Water Extraction of High Spatial Resolution Remote Sensing Image Fusing Scale Attention Mechanism

Objectives Recently, it is gradually becoming important to timely monitor the accurate distribution and change of water resource on the earth due to the shortage of water resource globally. Water extraction from remotely sensed image not only is able to provide data support for water ecosystem analysis and risk prediction, but also can alleviate the currently serious ecosystem environment and contribute to sustainable development of water resource and environment protection. Because of its powerful feature representation, deep learning has an important influence on computer vision and image recognition domains. Fully convolutional networks (FCN) is the first end-to-end fully convolutional network for image pixel-wise prediction and starts the image semantic segmentation. Hereafter, other variants of image semantic segmentation based on FCN are also put up. However, the border region between water and land is still misclassified during water extracting based on FCN or its variants. Therefore, we put up water extraction of high spatial resolution remotely sensed image fusing scale attention mechanism based on squeeze-and-excitation weighted FCN (SE-wFCN).

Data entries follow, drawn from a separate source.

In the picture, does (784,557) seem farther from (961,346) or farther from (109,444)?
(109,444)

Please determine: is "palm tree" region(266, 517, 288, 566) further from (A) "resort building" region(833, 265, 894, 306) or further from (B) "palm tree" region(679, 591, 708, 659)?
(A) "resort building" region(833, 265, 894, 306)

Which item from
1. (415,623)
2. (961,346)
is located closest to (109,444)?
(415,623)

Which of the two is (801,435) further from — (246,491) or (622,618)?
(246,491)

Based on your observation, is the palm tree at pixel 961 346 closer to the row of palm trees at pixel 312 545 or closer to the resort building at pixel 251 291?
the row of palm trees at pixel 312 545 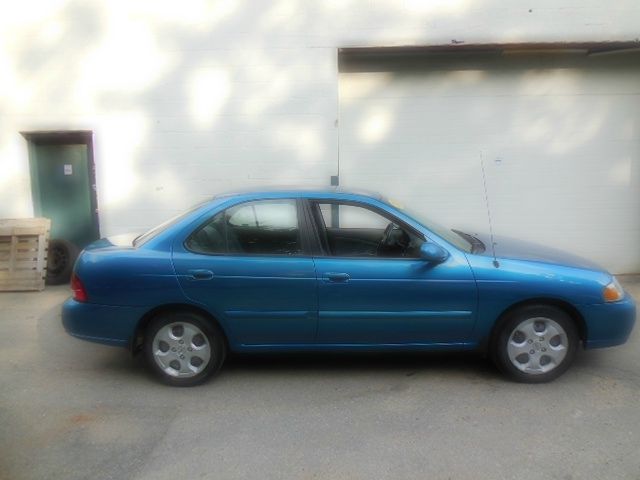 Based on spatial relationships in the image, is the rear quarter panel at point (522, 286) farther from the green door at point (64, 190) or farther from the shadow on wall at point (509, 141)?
the green door at point (64, 190)

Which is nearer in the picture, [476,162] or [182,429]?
[182,429]

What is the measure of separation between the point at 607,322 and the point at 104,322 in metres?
3.76

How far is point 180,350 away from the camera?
172 inches

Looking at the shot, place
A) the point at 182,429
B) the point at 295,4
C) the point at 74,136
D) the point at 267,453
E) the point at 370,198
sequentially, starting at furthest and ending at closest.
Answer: the point at 74,136 < the point at 295,4 < the point at 370,198 < the point at 182,429 < the point at 267,453

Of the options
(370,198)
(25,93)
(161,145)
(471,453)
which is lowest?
(471,453)

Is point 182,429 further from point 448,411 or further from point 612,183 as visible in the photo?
point 612,183

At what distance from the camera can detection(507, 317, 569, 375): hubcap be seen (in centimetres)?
430

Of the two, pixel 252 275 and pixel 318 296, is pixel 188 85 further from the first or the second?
pixel 318 296

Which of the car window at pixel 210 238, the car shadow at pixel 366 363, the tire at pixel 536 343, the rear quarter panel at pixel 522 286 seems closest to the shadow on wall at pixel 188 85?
the car shadow at pixel 366 363

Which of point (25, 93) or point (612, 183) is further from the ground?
point (25, 93)

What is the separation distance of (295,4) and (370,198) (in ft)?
14.1

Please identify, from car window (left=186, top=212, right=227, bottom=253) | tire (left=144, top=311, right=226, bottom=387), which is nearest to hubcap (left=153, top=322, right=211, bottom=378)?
tire (left=144, top=311, right=226, bottom=387)

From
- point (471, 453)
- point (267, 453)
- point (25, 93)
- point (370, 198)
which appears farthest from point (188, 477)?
point (25, 93)

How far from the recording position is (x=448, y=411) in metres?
3.97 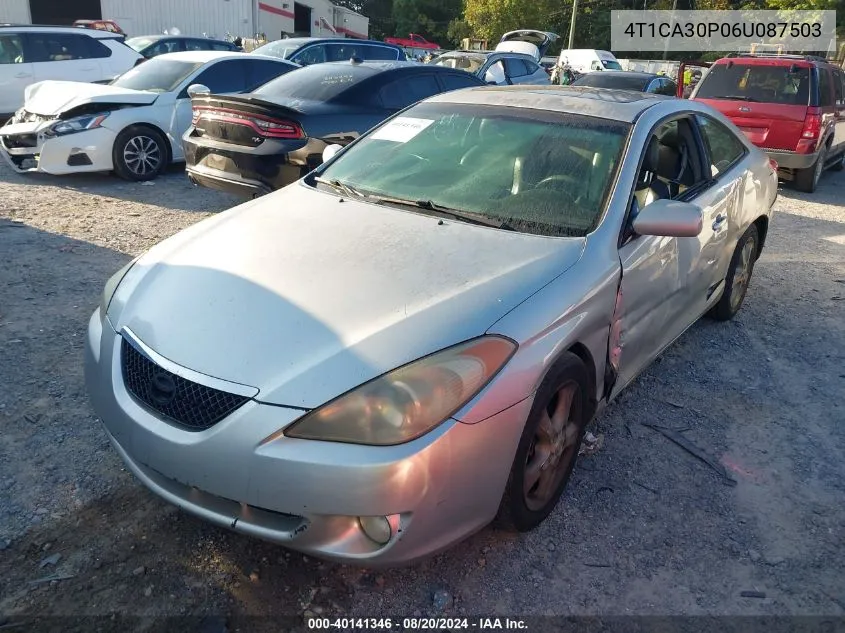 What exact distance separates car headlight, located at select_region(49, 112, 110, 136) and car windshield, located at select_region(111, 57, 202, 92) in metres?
0.91

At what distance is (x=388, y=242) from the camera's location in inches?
108

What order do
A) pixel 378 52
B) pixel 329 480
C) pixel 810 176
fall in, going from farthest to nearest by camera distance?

Methods We utilize GF-1 remotely sensed image to do some experiments by comparing with FCN and its variants. The proposed method has the following contribution of three aspects: (1) In order to take advantage of attention mechanism, this method applies it to features of different scales and then fuses those features more reasonably and more scientifically to reduce the possibility of misclassification of water pixels as far as possible. (2) Due to the model complexity of FCN and its possibility of overfitting, we add one auxiliary classifier module to FCN model as one branch during the training phase, which is able to help to reduce the possibility of overfitting. (3) Considering that the border pixel's position between water and land is very important to water extraction and the position information is actually ignored when computing the loss during training phase, we pay more attention to the border pixel by putting more weight in the loss function.

Results Experimental analysis shows that the proposed method is feasible and effective.

Conclusions It can achieve the more satisfying of water extraction than these current popular deep learning models (i.e. DeeplLabV3, U-Net, U2Net, MECNet, MSResNet and SADA-Net), especially in the border between water and land.